● **ACTIVITY**
Please repeat the whole listing exactly, but leave the pictures out.

● **PROVIDED MATERIAL**
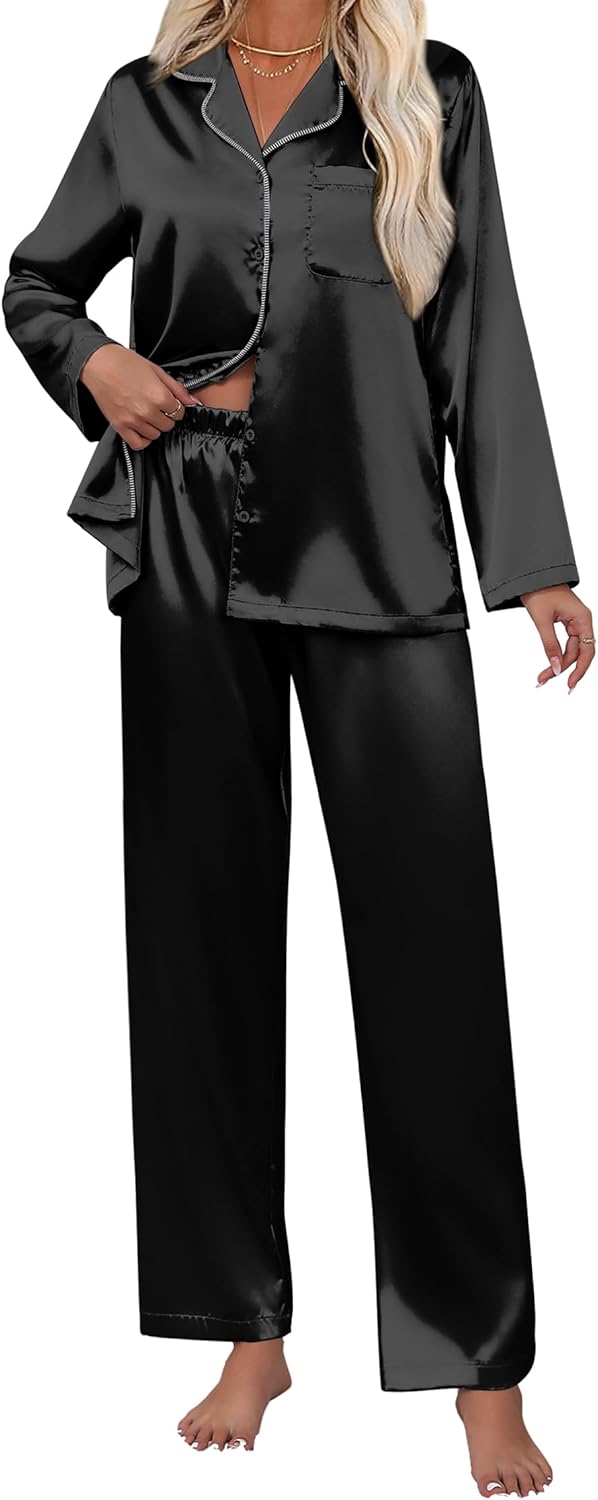 Ekouaer Pajamas For Women Set Silk Pjs 2 Piece Satin Sleepwear Long Sleeve Butto...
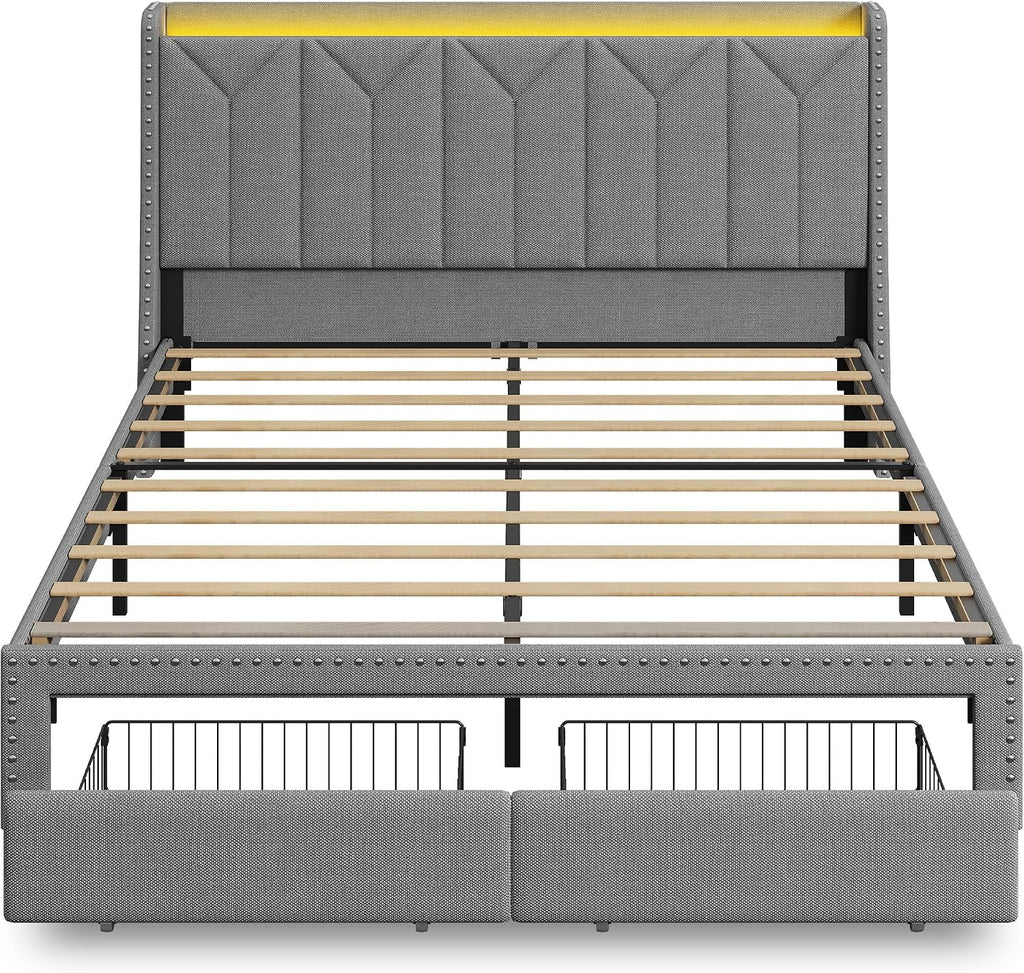 WLIVE Queen Size Upholstered Bed Frame with 2 Drawers, Storage Headboard Platform Bed with Charging Station and LED Light, Sturdy Metal & Wooden Slats Support, No Box Spring Needed, Light Grey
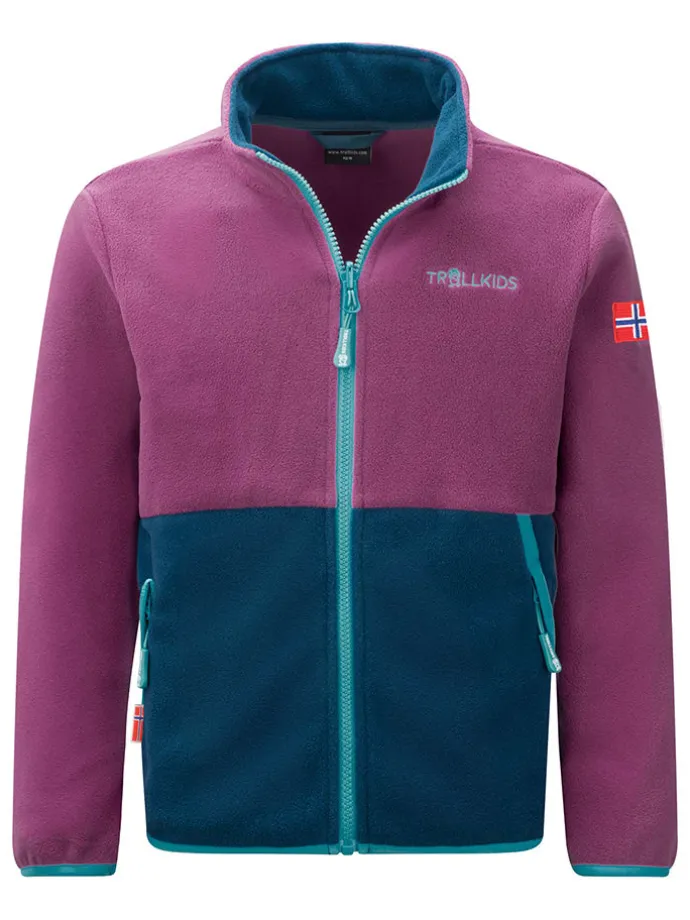 Fleecejacke "Storfjord" in Lila/ Dunkelblau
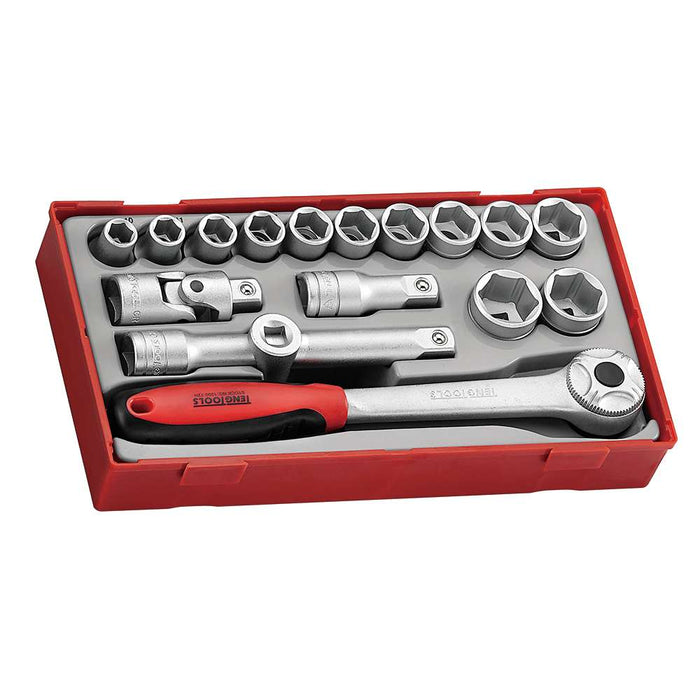 Teng Tools TT1218-6 18 Piece 1/2" Drive 6 Point Socket Set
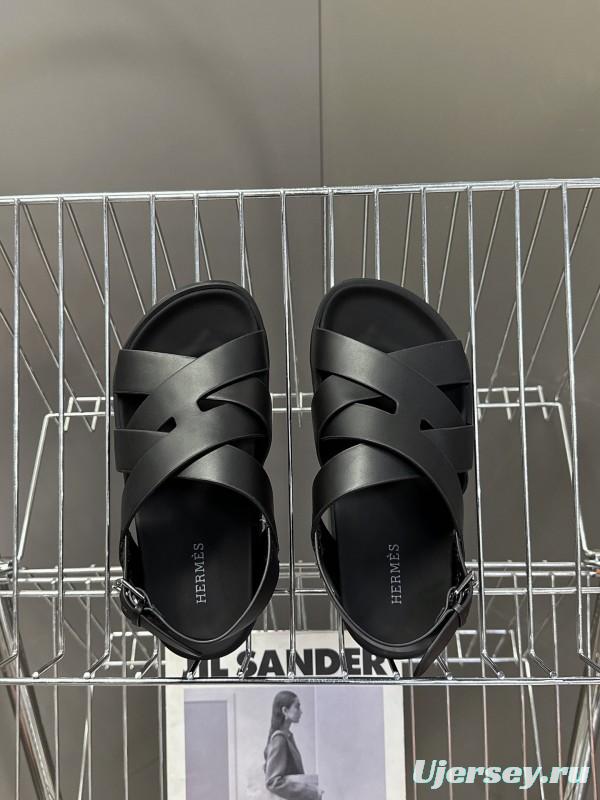 2025 Women Hermès Black Leather Sandals
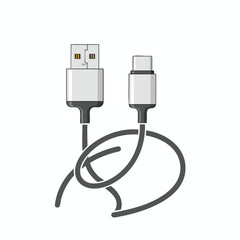 Vector illustration of a USB cable with USB-A and USB-C connectors and tangled cord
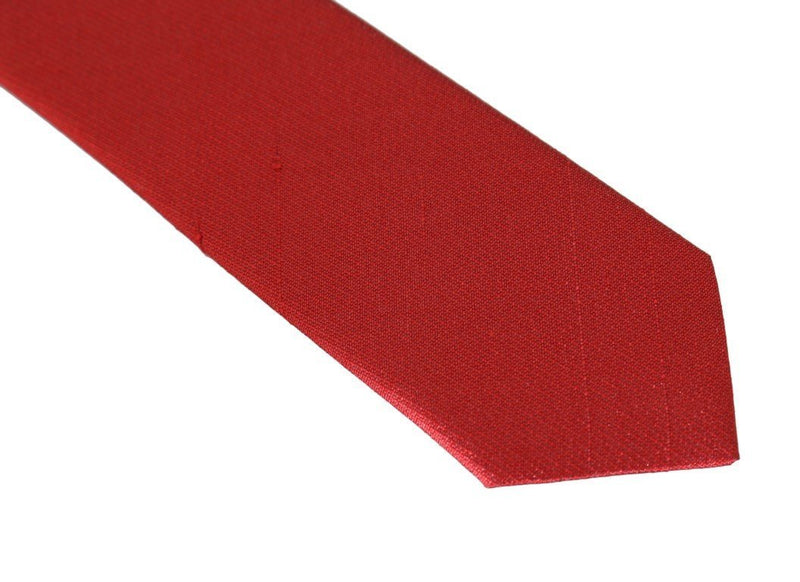 Red Silk Solid Slim Tie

● **FINISHED TASK**
 Ekouaer Pajamas For Women Set Silk Pjs 2 Piece Satin Sleepwear Long Sleeve Butto...
 WLIVE Queen Size Upholstered Bed Frame with 2 Drawers, Storage Headboard Platform Bed with Charging Station and LED Light, Sturdy Metal & Wooden Slats Support, No Box Spring Needed, Light Grey
 Fleecejacke "Storfjord" in Lila/ Dunkelblau
 Teng Tools TT1218-6 18 Piece 1/2" Drive 6 Point Socket Set
 2025 Women Hermès Black Leather Sandals
 Vector illustration of a USB cable with USB-A and USB-C connectors and tangled cord
 Red Silk Solid Slim Tie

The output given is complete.